--- DATA RECORDS ---
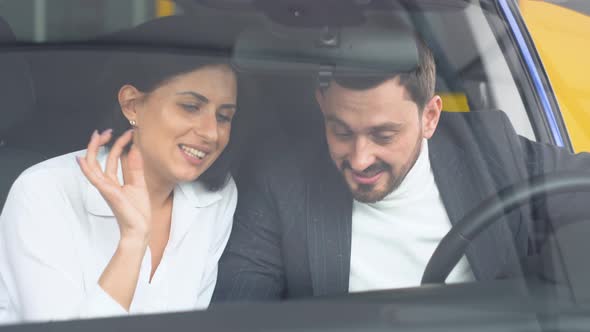 Elegant Man Sitting in Car Salon and Talking with Female Car Dealer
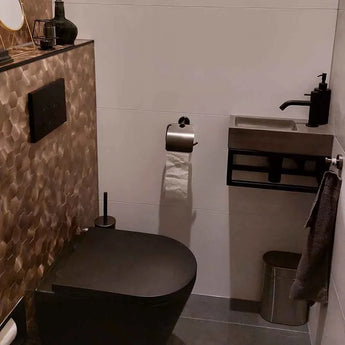 Salle de bains moderne avec des équipements noirs - toilettes, boutons de chasse d'eau et robinet - ainsi qu'un lavabo mural compact et l'ensemble WC Lauro Gunmetal de yessential.fr. Des accessoires de luxe et un mur d'accent de carreaux texturés marron complètent le look.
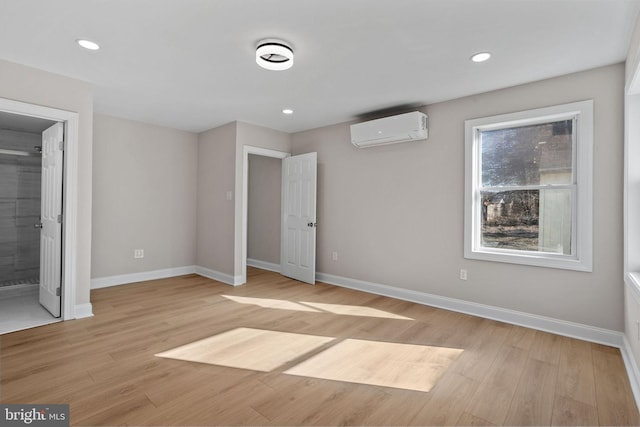 unfurnished bedroom with a wall mounted air conditioner, ensuite bath, and light hardwood / wood-style flooring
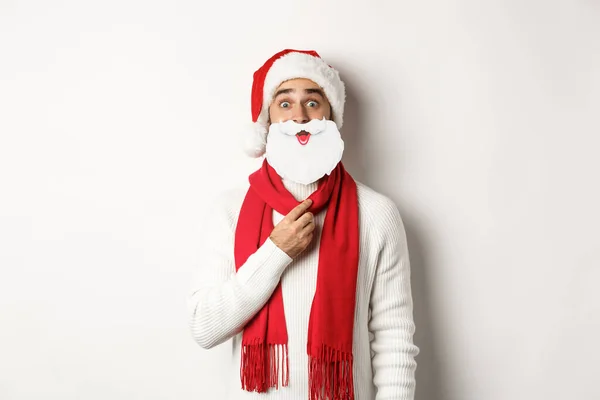 Julfest och firande koncept. Rolig ung man i Santa hatt håller vitt skägg mask och göra ansikten, njuta av nyår, vit bakgrund — Stockfoto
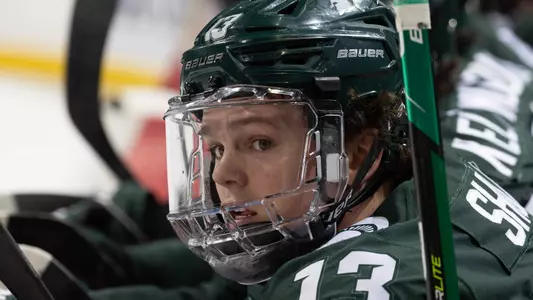 DETROIT, MI - FEBRUARY 11: Tiernan Shoudy #13 of the Michigan State Spartans watches the action from the bench against the Michigan Wolverines during the first period of an NCAA MenÕs college hockey Dual in the D game at Little Caesars Arena on February 11, 2023 in Detroit, Michigan. The Wolverines defeated the Spartans 4-3 in O.T. (Photo by Dave Reginek/Getty Images) *** Local Caption *** Tiernan Shoudy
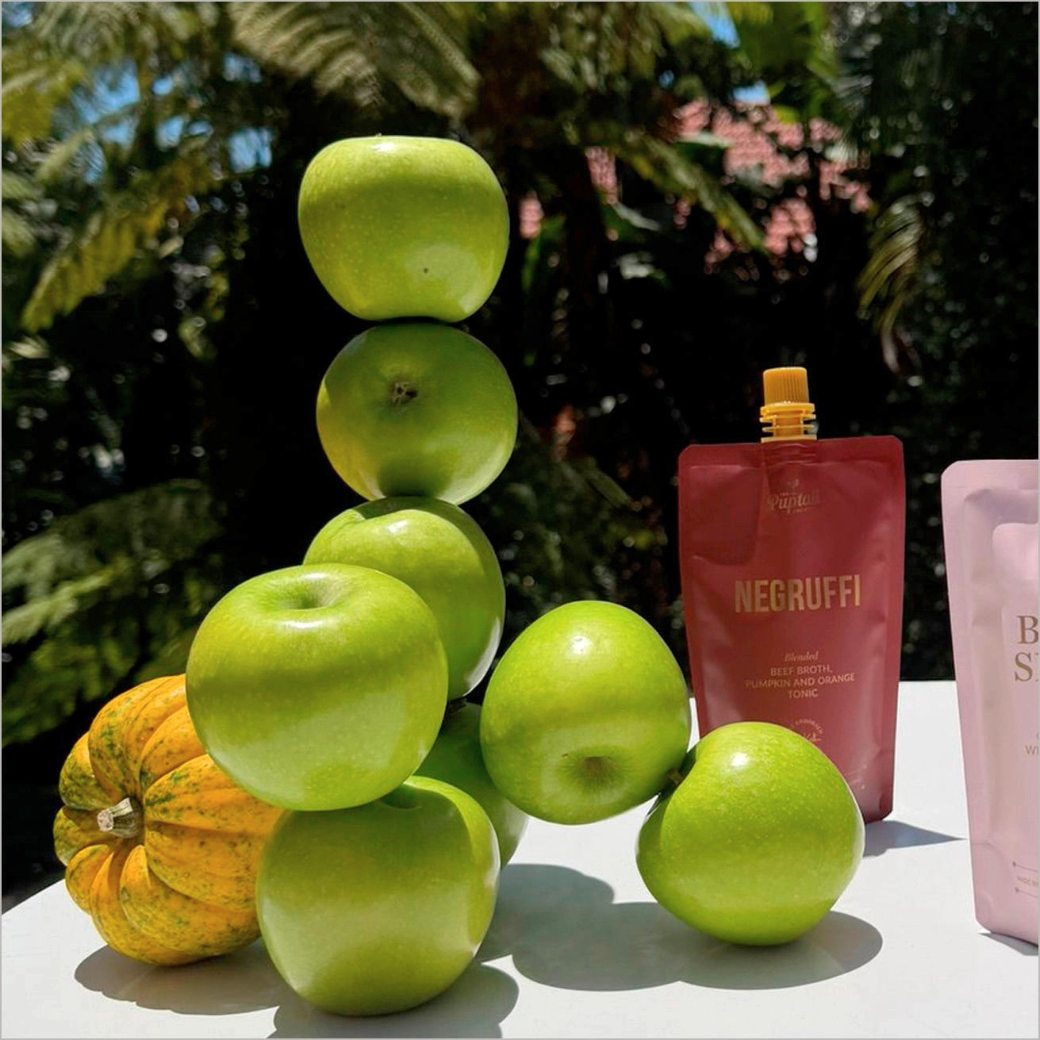 Coco & Pud - Negruffi blended beef broth, pumpkin and orange tonic for dogs. A stack of bright green apples and a small pumpkin sit on a white table beside two pouches, one dark red labelled NEGRUFFI and one pale pink partially visible - Puptail Society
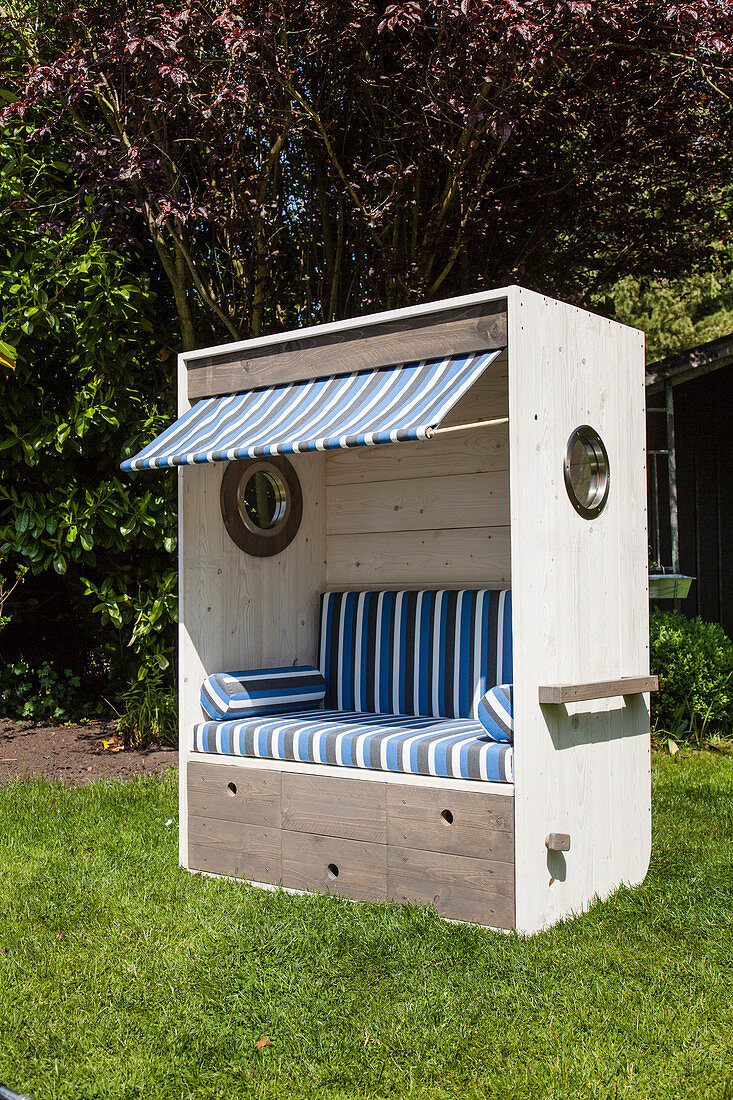 DIY wooden beach chair with blue-striped cushions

--- PROBLEM DESCRIPTION ---
In your reply, please set down exactly the lines from the one containing "unfurnished bedroom with" through the end of the records, with the pictures left out.

--- RESPONSE TO THIS TASK ---
 unfurnished bedroom with a wall mounted air conditioner, ensuite bath, and light hardwood / wood-style flooring
 Julfest och firande koncept. Rolig ung man i Santa hatt håller vitt skägg mask och göra ansikten, njuta av nyår, vit bakgrund — Stockfoto
 DETROIT, MI - FEBRUARY 11: Tiernan Shoudy #13 of the Michigan State Spartans watches the action from the bench against the Michigan Wolverines during the first period of an NCAA MenÕs college hockey Dual in the D game at Little Caesars Arena on February 11, 2023 in Detroit, Michigan. The Wolverines defeated the Spartans 4-3 in O.T. (Photo by Dave Reginek/Getty Images) *** Local Caption *** Tiernan Shoudy
 Coco & Pud - Negruffi blended beef broth, pumpkin and orange tonic for dogs. A stack of bright green apples and a small pumpkin sit on a white table beside two pouches, one dark red labelled NEGRUFFI and one pale pink partially visible - Puptail Society
 DIY wooden beach chair with blue-striped cushions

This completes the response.